Mark White

Consciousness pondering rumination thinking about consciousness pondering rumination.

Saying sorry doesn't mean the same thing to me that it does to many, I think. I don't wait for someone to apologize for something they did. I don't instantly forgive them as soon as they say “I'm sorry.”

To me, an apology isn't much more than a show of humility. It simply says, I fucked up, and I'm self-aware enough to realize it wasn't a good thing. It's the verbal bowing of the head, making yourself small, backing off of your aggression.

Otherwise when people insult me or do something to me I don't like, I don't view it as some wrong that needs to be “righted” with an act of contrition. I see it simply as a plain, rare moment of raw truth. As social creatures we mostly try not to hurt others around us, so when I or someone does hurt others, it says something very important about who they are as a person — something unobscured by the faces we put on to get along with others; something very blunt and honest.

It's my view that you can't stop people from doing these things (only they can stop them before they happen), and frankly there's nothing to “right” once they've done something I don't like. They're just being honest.

What it comes down to as the receiver of such a slight, is what you're willing to accept. Apology or not, damage is still done (even the apologizer knows this; all they can do is shrink). The real important question that you can ask yourself at any point after the damage has been done is: are you okay with that person being around you, now that they've bluntly shown you who they are? Do the benefits outweigh the negatives of someone like that? If you didn't delude yourself into thinking you could change them, and had to accept them just like this, are you okay with that?

Sitting here working on that novel I've been wanting to write for years now, listening to old Nine Inch Nails that reminds me of no worry, no weight of the world bearing down on me. This realization, in contrast to when I break my concentration, when I mentally look at the normal concerns of my mind, makes me wonder: why do I need to worry about all these things? Will my world collapse if I stopped mentally juggling these anxieties?

I suspect the answer is no. And for now I'll stop juggling.

Until I remove my headphones, walk outside, and the pins and unicycle call for me again.

As you get older and the world grows more complex and nuanced, you face a choice: fight to maintain control over your reality, or lose confidence in your ability to influence the world.

It occurs to me while looking at my past behavior—that of “managing” people, lying to get my way and control a situation—and in that of my mother and father: a strong desire for control over the world around us.

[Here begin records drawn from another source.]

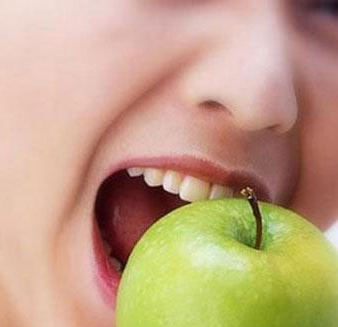 七招带您预防口腔溃疡！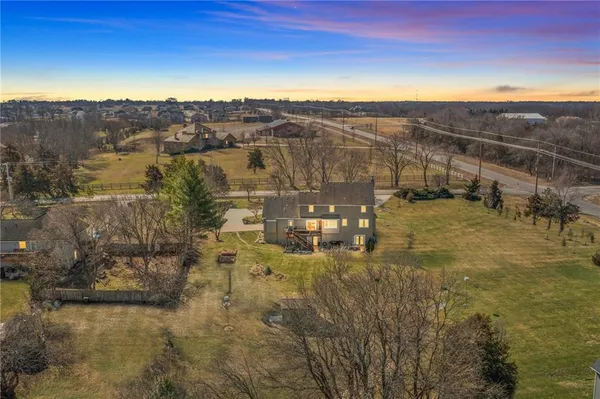 $775,000 | 3850 West 183rd Street, Stilwell, KS 66085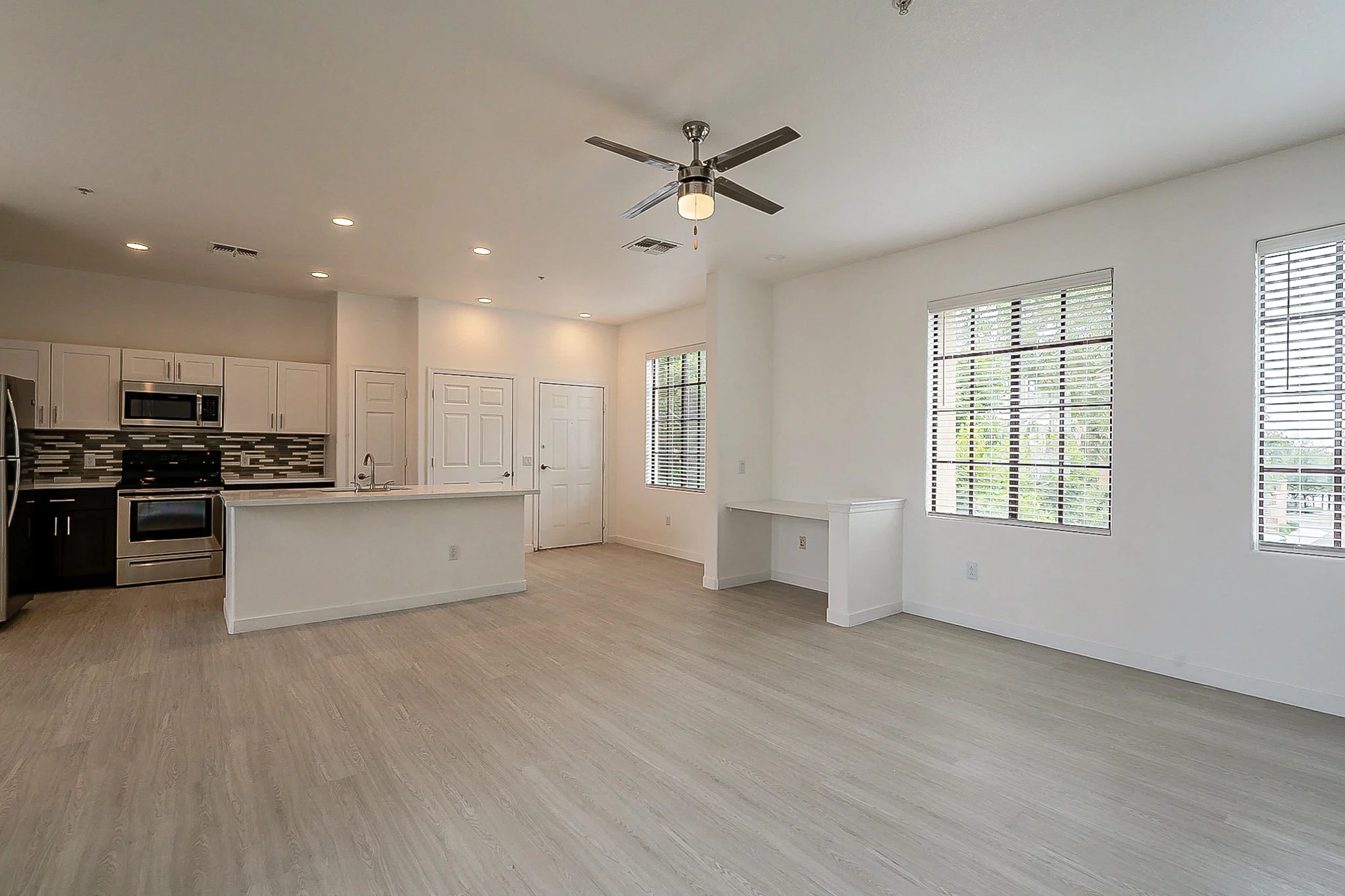 1 Bed 1 Bath 231 231 floor plan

Yet my mother and I share the same quiet behavior: drinking to excess. My theory on this Sunday afternoon is that being drunk gives us sweet contentment: an unspoken awareness that we don't control the world around us, and the plain outward acceptance of that. We strike up conversations we never would've otherwise had, smoke cigarettes we “quit” years ago, and carry on with strangers that we don't see a future with.

Our fight for control is an unconscious one that manifests in very conspicuous behaviors and routines. Perhaps the only way out is realizing what I'm really doing when I go for a drink. Around friends or not, I'm looking to give up my tight illusory grasp on my environment; to forget, for a night, my fantasy of control.

And why can't I just do that sober?

Profound solitude.

Something missing in my life.

Sometimes my tolerance for the chaos of people runs out.

Sometimes I just need peace, stability around me a world reflecting my mind.

The word for my mental state perhaps popped into my head last night: neurotic. Anxious about all the things I realistically can't control; a constant babysitter; gently, incessantly concerned for things.

A little Google search provided an answer: think about death.

Hey, not a bad idea.

It sounds funny, but I've been here before. The times I was only concerned with my own world, when I constantly invented, I had death on my mind. It was strangely, immediately present; right in my face. I had to get the most out of my day because I was going to not have a day at some point. I felt this coursing through my body with every beat of my heart.

Every minute was important because it was that minute. The simple fact it existed was enough to make it significant.

I've lost that feeling with the infinite distractions I've decided to entangle myself with. So I'm back to thinking about death. Whereas it came naturally then as a means, here I have the end in mind — and I must consciously follow this path there.

I'm going to die some day. Feel my heartbeat; breathe deeply.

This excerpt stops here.